Chapter 23: Exercises
Section 23.2 -- Manual Video Tagging Systems
Exercise 23.1 (Conceptual) Design a hierarchical tagging schema for set-piece analysis that covers corner kicks, free kicks, throw-ins, and goal kicks. Your schema should have at least three levels of hierarchy and include both the event type and the outcome. Provide the full tree structure and brief definitions for each tag.
Exercise 23.2 (Calculation) Two analysts independently tag the same 90-minute match for shot events. Analyst A tags 18 shots and Analyst B tags 21 shots. They agree on 16 events. Assuming the remaining tagged events are unique to each analyst: (a) Calculate the observed agreement $p_o$ as the proportion of events both agree on relative to the total unique events identified. (b) If the probability of each analyst tagging any given moment as a shot by chance is 0.02, calculate $p_e$. (c) Compute Cohen's kappa $\kappa$. (d) Interpret the result. Would you consider this acceptable for a professional tagging system?
Exercise 23.3 (Practical) You are building a tagging schema for pressing analysis. Define exactly five tags that capture the essential information about a pressing event. For each tag, specify: (a) the tag name, (b) the data type (categorical, numerical, timestamp), (c) the possible values or range, and (d) a precise definition that would achieve high inter-rater reliability.
Exercise 23.4 (Data Analysis) Given the following inter-rater reliability data for a tagging schema with six event categories, identify which categories need refinement and suggest specific improvements:
| Category | $\kappa$ | $p_o$ | $p_e$ |
|---|---|---|---|
| Goals | 0.98 | 0.99 | 0.50 |
| Shots | 0.82 | 0.91 | 0.50 |
| Passes | 0.75 | 0.85 | 0.40 |
| Tackles | 0.58 | 0.72 | 0.33 |
| Fouls | 0.51 | 0.68 | 0.35 |
| Pressing Triggers | 0.43 | 0.60 | 0.30 |
Exercise 23.5 (Design) A club's video analysis department processes 50 matches per week across all departments. Each match requires 45 minutes of tagging time with the current schema. The department has three full-time analysts, each working 40 hours per week. (a) Can they handle the workload? (b) If not, propose two strategies to address the gap: one involving schema simplification and one involving technology.

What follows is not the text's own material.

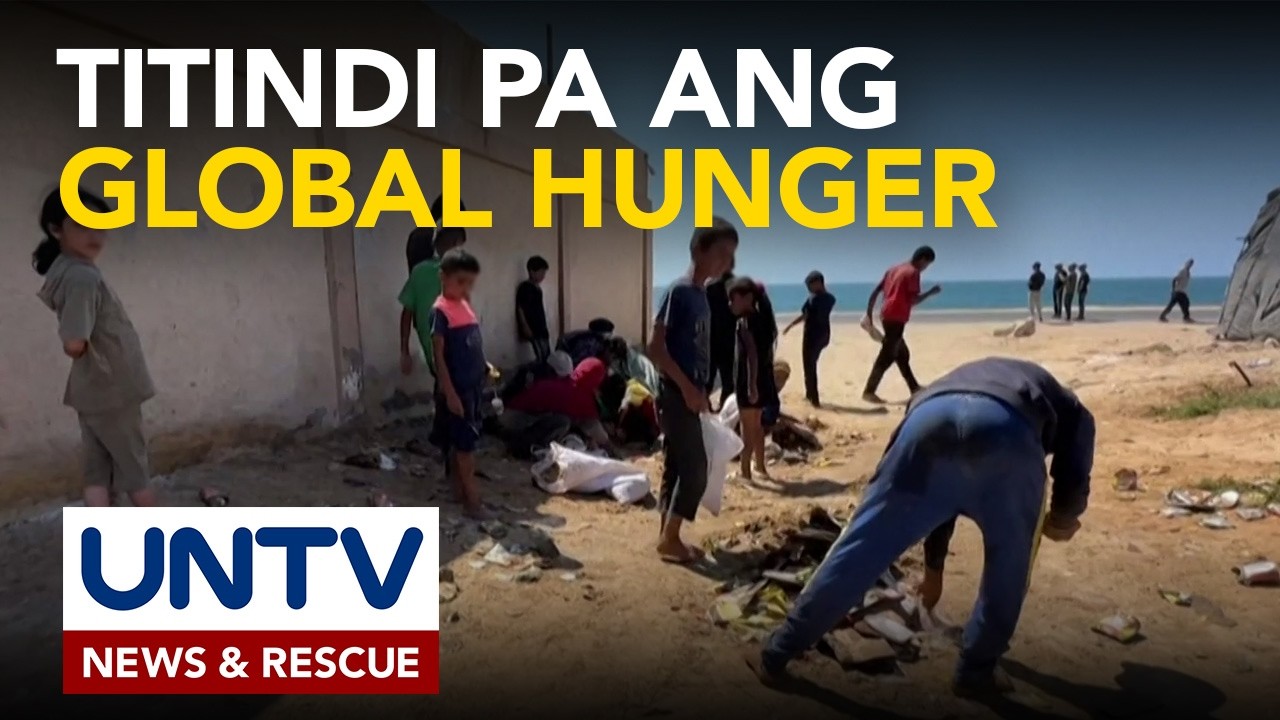 Bilang ng mga nakararanas ng gutom, posibleng madagdagan ng 45 million ayon sa World Food Programme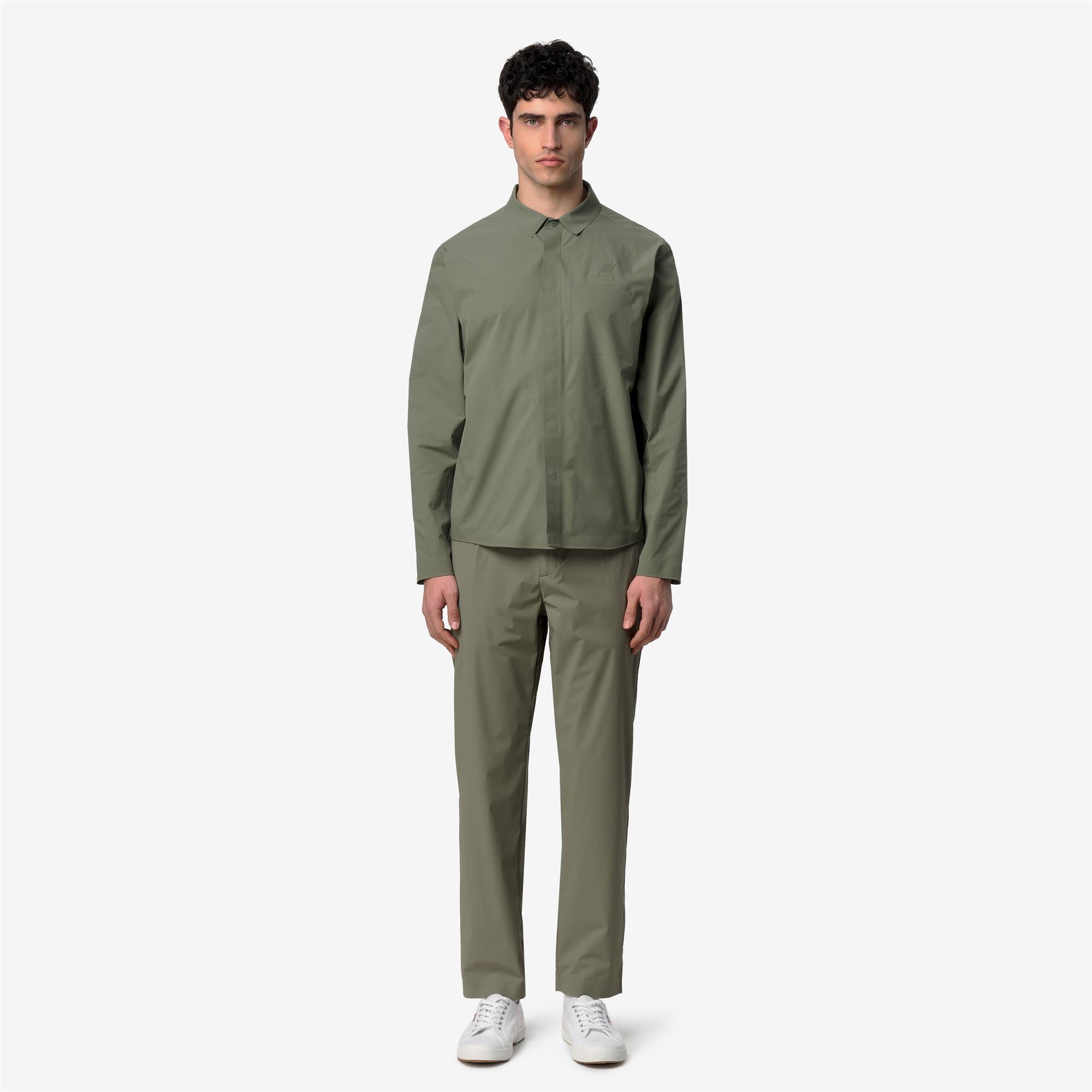Pants_Man_AILTY LIGHT TECH PL_Sport Trousers_Green Lichen - Commercial 4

Section 23.3 -- Computer Vision Fundamentals
Exercise 23.6 (Calculation) A broadcast camera captures a soccer pitch at 1920x1080 resolution. The visible portion of the pitch is approximately 100m x 60m. (a) Calculate the spatial resolution in meters per pixel for both dimensions. (b) A soccer ball has a diameter of 22 cm. How many pixels wide would the ball appear at the center of the frame? (c) At the far end of the pitch, the effective resolution halves due to perspective. How many pixels wide would the ball appear there? (d) What is the minimum resolution needed for reliable ball detection if the detector requires at least 8 pixels across the ball?
Exercise 23.7 (Programming) Implement a function that converts pixel coordinates to pitch coordinates using a homography matrix. Your function should: (a) Accept a 3x3 homography matrix and an array of pixel coordinates. (b) Apply the projective transformation. (c) Return real-world pitch coordinates in meters. (d) Include input validation and handle the case where the homography determinant is near zero.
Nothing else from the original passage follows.